As I was getting ready for work the other morning, my husband, in a supportive and loving way — really it was — commented that maybe I could find room for one more bottle of shampoo in the shower. I tossed an endearing gesture back at him and continued my morning rituals.
It wasn’t until I was in the shower, looking at 6 bottles of shampoo and conditioner, that it hit me in the face — Why for the love of Pete, can’t I throw things away. Yes, I had just brought home some heavenly lavender/mint shampoo from my beautician, and yes, I still had a some in the old bottles I brought home last time — some citrus bouquet I think. But then I noticed I still had dregs in the shampoo and conditioner from the time before last. Ugh, he was right, is there really any reason to keep all those bottles of almost gone products.
I don’t consider myself a packrat, nor living in an episode of hoarders, but I this morning the light went on and I knew that in every drawer and closet I would find almost empty bottles, boxes, makeup containers that I knew I would use up in an emergency. Not only would I find these products, but under my sink I stashed hand and dish soap containers with just enough to cover the bottom of the bottle. Why, why, why?
Is it because I was a baby boomer growing up thinking there would be a nuclear winter and I would need all the shampoo and makeup I could find? Or maybe because I was raised by parents of the Great Depression where butter tubs and bread sacks would save us from starvation?
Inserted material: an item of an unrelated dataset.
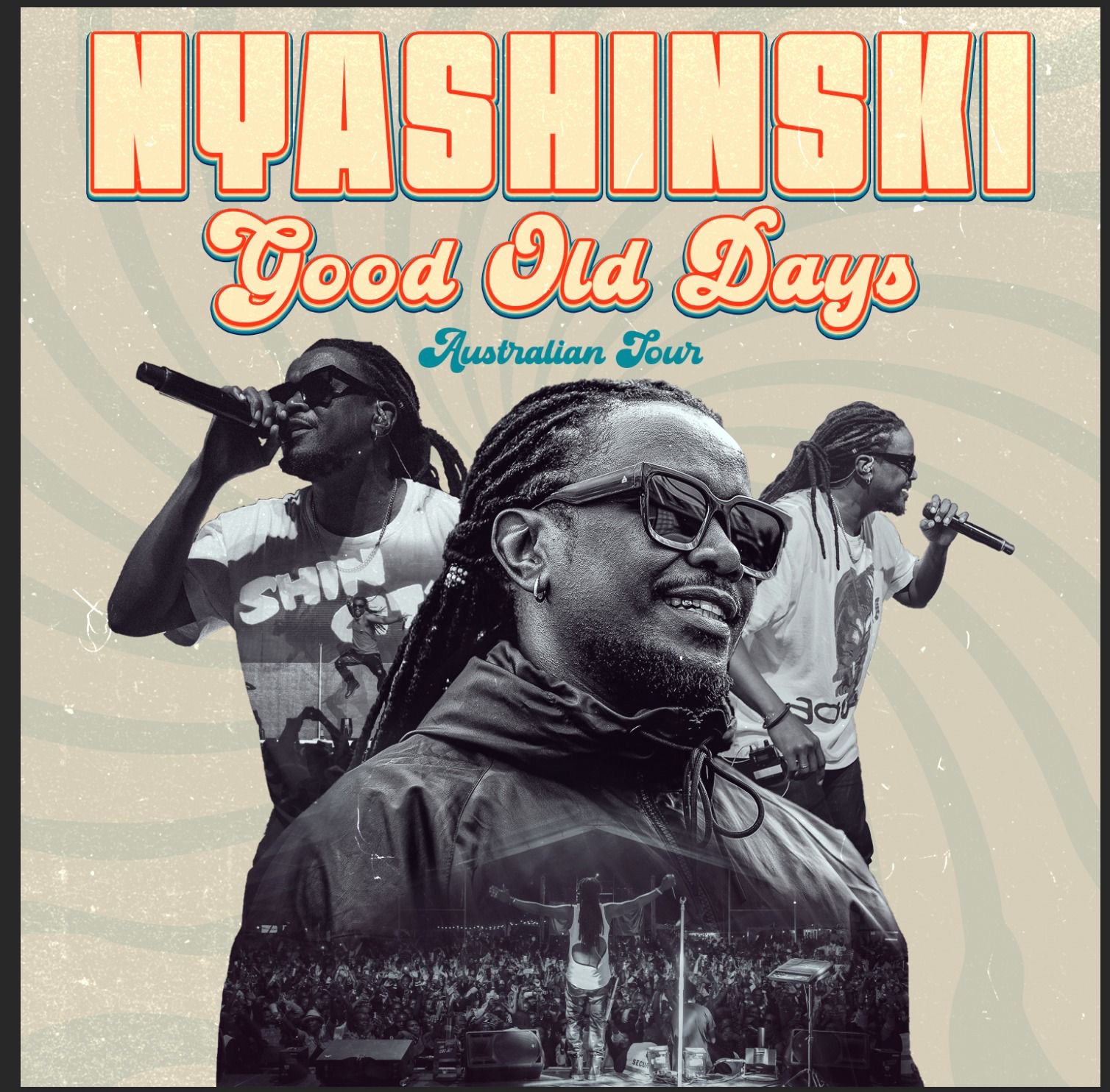 GOOD OLD DAYS ft .Nyashinski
Or could it be that I really just like the experience of opening something new — a new fragrance, a new color — and with one little whiff all of my good intentions of finishing the old things up, I mentally have moved on.
I have no idea why I do this, it pains me however, to throw away anything that is not completely gone — so I guess my solution is just to hide them under the sink until one day my children have to clean it out and put it on a hay rack at our estate auction.